I squinted at the electrodes placed around my sports bra, hooking me up to the bastard child of a fax and an answering machine. Ticker tape stuck out of one end of it. “What happened?”

I had to clear my throat a couple of times to get the words out.

“Not a heart attack,” Ms. Clara said cheerfully. I scrunched up my face in confusion and she tapped the machine. “Portable ECG.” She pulled the electrodes off of me.

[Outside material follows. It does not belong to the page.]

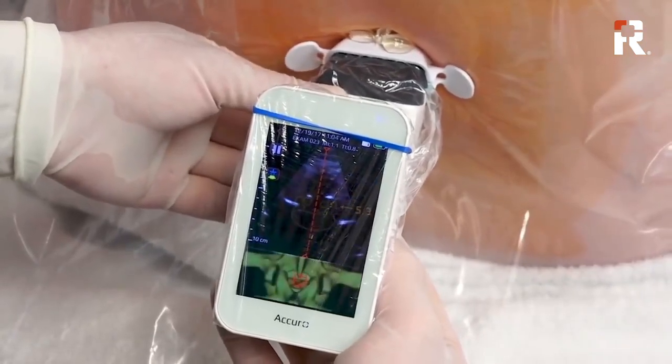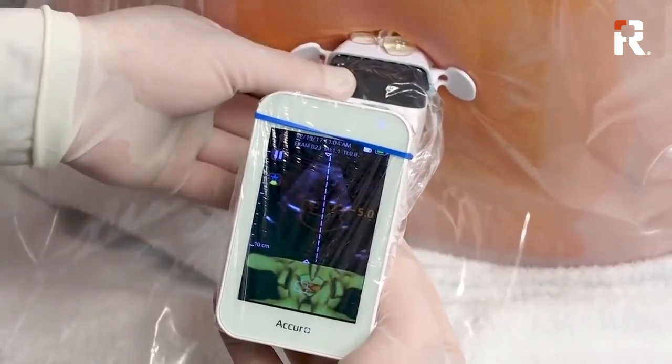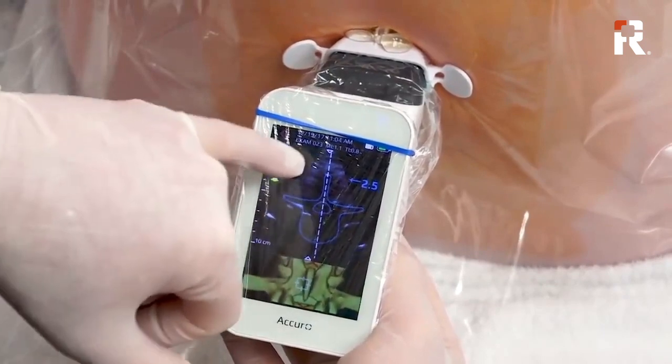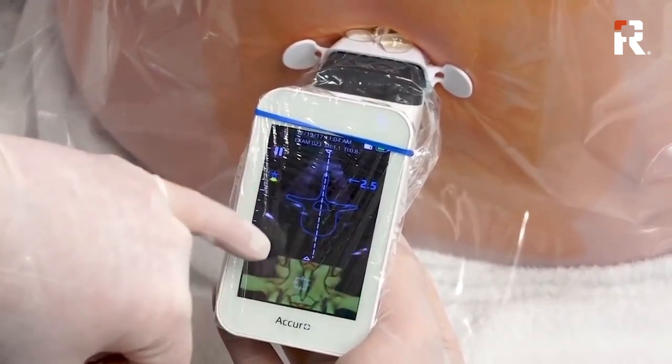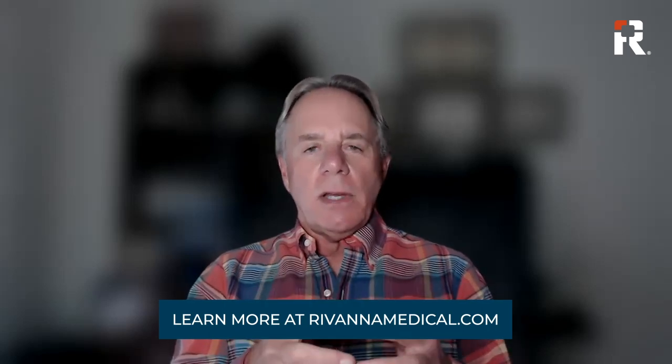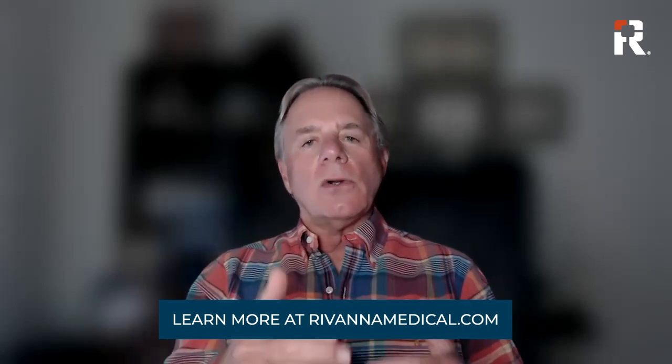So in terms of just traditional palpation, the Acuro offers a significant advancement. And then compared to just regular ultrasound as well, because of the AI and the overlays that you're able to actually see with the Acuro, it pinpoints the depth and the space, and all kinds of other factors go into the AI — giving you information that from just a regular ultrasound, you would not get as well.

“You’re qualified to read it, how?”

“Two years of med school before I dropped out. Apparently I didn’t have the right bedside manner.”

“O-kay.”

“You got… riled up,” Rohan said.

I glared at Drio who bared his teeth at me. “By-product of him wanting me dead,” I said.

“He doesn’t want–” Kane began.

“I don’t?” Drio asked.

“Drio,” Rohan warned.

“I was being friendly and she freaked out.” Drio cocked his thumb and forefinger like a gun, rocking them from side to side in some kind of Italian hand gesture. “Our new Rasha doesn’t play well with others.”

I tugged my clammy T-shirt over my head. “If you call your passive-aggressive intimidation ‘being friendly’ then you’ve got the social graces of a walnut. Pony up. You wanted my power off so you could hurt me.”

“It was becoming unstable.” He tapped his forefinger to his temple. “You’re unstable. Are you on your period?”